The TCJA affected taxpayers' most fundamental business choices in a few ways. Notably, it limited the deductibility of interest payments, and provided a new deduction available to non-corporate owners of businesses other than certain service professions.

Interest deduction limitations: Section 163(j)

Before the TCJA, interest paid or accrued by a business was generally deductible, subject to targeted limitations applicable to interest allocable to property held for investment and certain earnings-stripping transactions involving payments by thinly capitalised taxpayers (i.e., with a debt-to-equity ratio exceeding 1.5) whose net interest expense to related parties exceeded 50 per cent of their taxable income. The TCJA amended Section 163(j) by more significantly limiting the availability of the deduction for interest applicable to a trade or business. Now, the deduction is limited to interest expense that does not exceed 30 per cent of a business's 'adjusted taxable income' – generally, earnings before income tax, depreciation and amortisation for tax years beginning before 1 January 2022, and earnings before income taxes thereafter. The limitation does not apply to interest allocable to the trade or business of performing services as an employee, electing real property or farming businesses, or certain utilities.

On 26 November 2018, the IRS promulgated proposed regulations that will be effective when finalised (but taxpayers may elect to apply them now), clarifying several key points under Section 163(j). Most significantly, the proposed regulations broadly define 'interest', which was not defined in the statute, to include amounts that are typically associated with that term, such as amounts paid for the use of money under the terms of a debt instrument, and amounts that constitute interest under US federal income tax law, such as original issue discount. Additionally, the proposed regulations treat several categories of amounts that 'affect the economic yield or cost of funds of a transaction involving interest' as adjustments to interest income, including debt issuance costs, guaranteed payments for the use of capital under Section 707(c), and income, deduction, gain or loss from derivatives, and they include an anti-abuse catch-all treating deductible losses or expenses incurred to secure the use of funds as interest.

The broad definition of 'interest' may cause many taxpayers to elect not to apply the proposed regulations until they are finalised. However, the definitions, other than the anti-abuse rule, are reciprocal – i.e., while items of loss or expense that would constitute interest count toward the 30 per cent limitation of deductible interest payments, corresponding items of income or gain would reduce total interest. Accordingly, careful modelling is required to determine whether the proposed regulations increase or reduce a taxpayer's burden in a given taxable year based on all of such taxpayer's relevant facts and circumstances.

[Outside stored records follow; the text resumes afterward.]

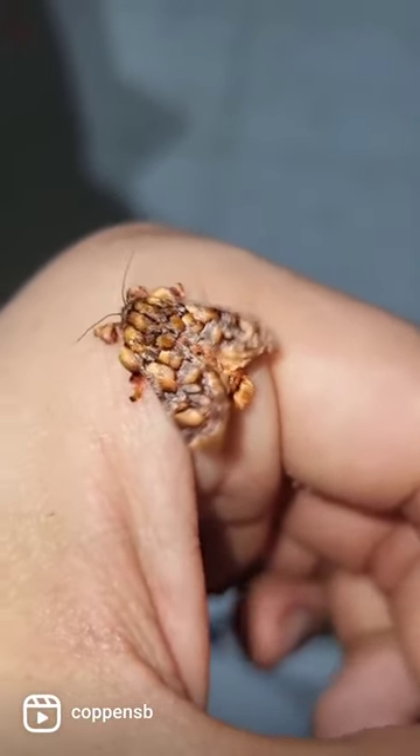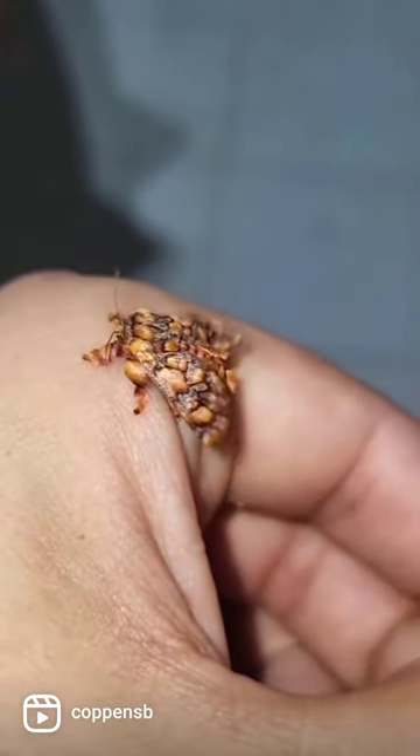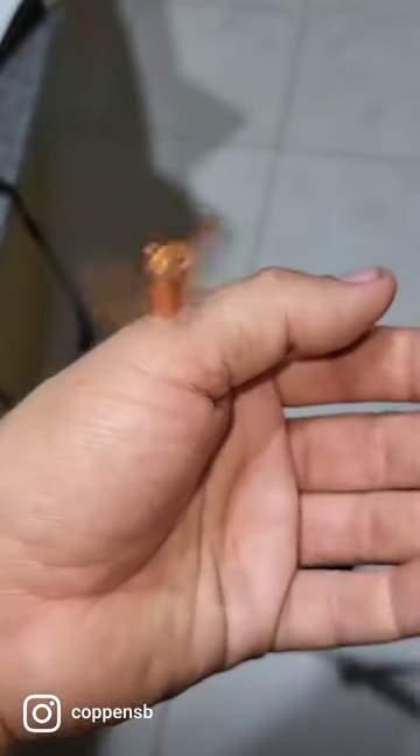There it is, ladies and gentlemen. Isn't it absolutely cute? This is the proof that something so freakishly looking can transform into one of the cutest moths that I've ever seen. A monkey slug moth.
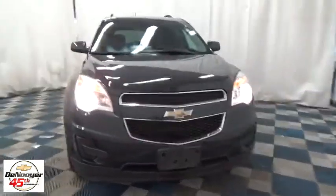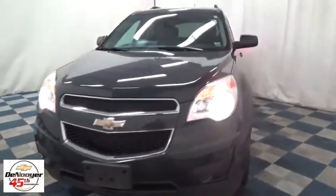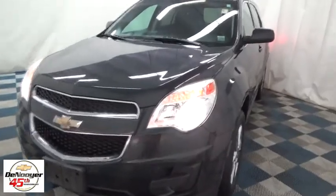The 2013 Chevrolet Equinox. Fuel efficiency, safety, and value equals the Chevy Equinox. This vehicle has less than 50,000 miles. Here are some of this vehicle's great options.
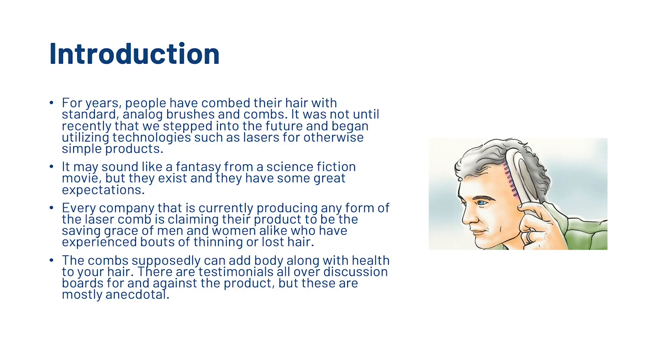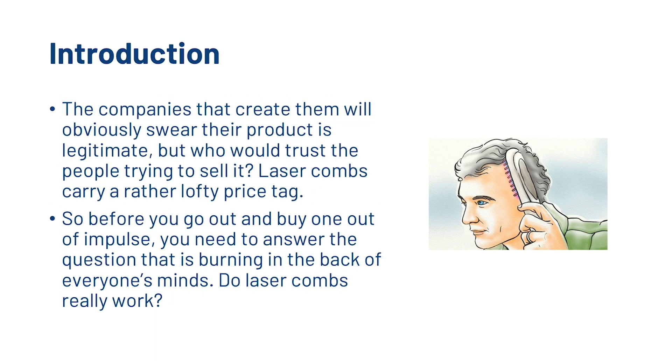For years, people have combed their hair with standard analogue brushes and combs. It was not until recently that we stepped into the future and began utilising technologies such as lasers for otherwise simple products. It may sound like a fantasy from science fiction, but they exist and they can have some great expectations. Every company currently producing any form of the laser comb claims their product to be the saving grace of men and women who have experienced thinning or lost hair. The combs supposedly can add body, energy, and health to your hair. There are testimonials all over discussion boards for and against the product, but these are mostly anecdotal. The companies will obviously swear their product is legitimate, but who would trust the people trying to sell it?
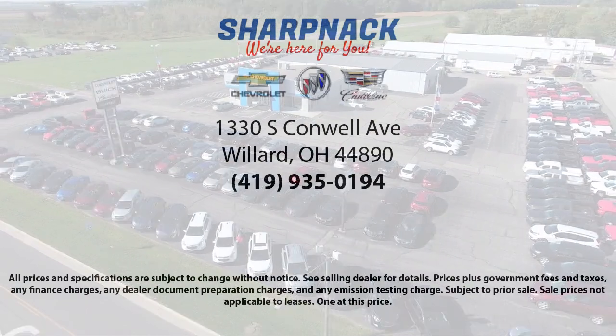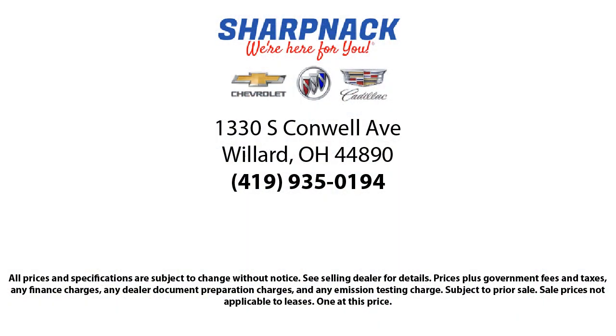So come see us today. We're located at 1330 South Conwell Avenue. Sharp Neck Chevrolet Buick Cadillac — we're here for you.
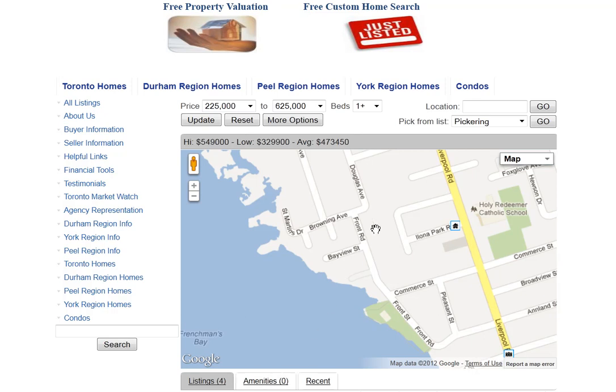Are you looking for homes for sale around Front Road and Pickering? Welcome to our interactive map, which is updated daily.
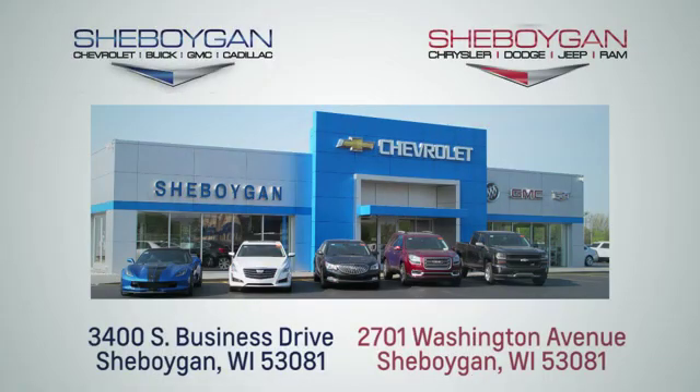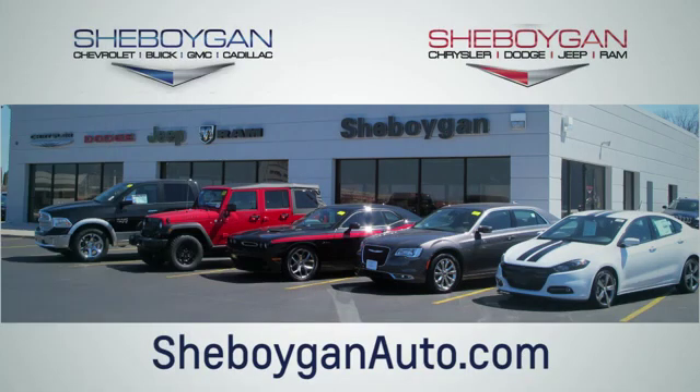Choose Sheboygan Auto. We're conveniently located at 3400 South Business Drive or at 2701 Washington Avenue in Sheboygan, Wisconsin. Sheboyganautos.com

Additional deduction for non-service income earned through a sole proprietorship or flow-through entity

As a result of the TCJA, corporations are generally subject to a lower rate of tax than individual US taxpayers. Accordingly, depending on liquidity concerns and anticipated rate of return on investment, except in the case of corporations that pay substantial dividends, it may be preferable for individual shareholders to hold their investments in corporate form and to defer shareholder-level tax. However, the TCJA added new Section 199A to the Code, complicating this calculus. Under Section 199A, non-corporate taxpayers (including shareholders of S corporations) are entitled to a deduction of up to 20 per cent of the taxpayer's taxable income. This deduction, which is applied at the sole proprietor, partner, REIT or S corporation shareholder level, is eliminated with respect to income derived from a specified service trade or business (SSTB) for single taxpayers with income in excess of US$157,000 or married taxpayers filing jointly with income in excess of US$315,000, in each case, indexed for inflation.

An SSTB is any trade or business: (1) involving the performance of services in the fields of health, law, accounting, actuarial science, performing arts, consulting, athletics, financial services, brokerage services; (2) where the principal asset of such trade or business is the reputation or skill of one or more of its employees or owners; or (3) involving the performance of services that consist of investing and investment management, trading or dealing in securities, partnership interests or commodities. Several of the enumerated professions are service professions, such as law and accounting, but other archetypal service professions (e.g., engineering and architecture) are excluded by the statute, and trading or dealing in securities does not necessarily involve the provision of services (except by statutory definition). Moreover, the statute does not distinguish between active and passive owners of an SSTB. One possible interpretation of these choices is that Congress intended not to tax service income at higher rates than investment income generally, but rather that it intended to tax income from certain industries operated as sole proprietorships or in pass-through entities at a higher rate than others.

Regulations recently promulgated under Section 199A provide several clarifications to the law, including a de minimis exception providing that a trade or business with US$25 million or less of gross receipts in a taxable year will not be treated as an SSTB if less than 10 per cent of such receipts are attributable to the performance of services in an SSTB (5 per cent in the case of a trade or business with gross receipts of more than US$25 million for a taxable year). This exception has a 'cliff effect': if a trade or business with gross receipts of greater than US$25 million in a taxable year derives 5.001 per cent of its income from an SSTB, it is ineligible for the Section 199A deduction. Accordingly, the availability or not of the deduction may vary from year to year based on a business's revenue streams.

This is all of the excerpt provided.